- [What you should do]:
Every line containing "with" should be identified and copied from the data below.

- [Data for review]:
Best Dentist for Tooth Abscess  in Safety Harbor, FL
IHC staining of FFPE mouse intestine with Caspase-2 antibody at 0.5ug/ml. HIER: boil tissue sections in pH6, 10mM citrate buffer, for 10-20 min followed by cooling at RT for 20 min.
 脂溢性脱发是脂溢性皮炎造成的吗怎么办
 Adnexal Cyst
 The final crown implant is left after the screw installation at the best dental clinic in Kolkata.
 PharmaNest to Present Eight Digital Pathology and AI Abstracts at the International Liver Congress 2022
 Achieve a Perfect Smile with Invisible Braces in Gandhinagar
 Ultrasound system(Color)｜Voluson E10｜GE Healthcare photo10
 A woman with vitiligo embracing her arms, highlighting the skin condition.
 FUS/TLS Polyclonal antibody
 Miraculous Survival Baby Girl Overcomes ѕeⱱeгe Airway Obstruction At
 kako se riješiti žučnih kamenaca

- [Response below]:
IHC staining of FFPE mouse intestine with Caspase-2 antibody at 0.5ug/ml. HIER: boil tissue sections in pH6, 10mM citrate buffer, for 10-20 min followed by cooling at RT for 20 min.
 Achieve a Perfect Smile with Invisible Braces in Gandhinagar
 A woman with vitiligo embracing her arms, highlighting the skin condition.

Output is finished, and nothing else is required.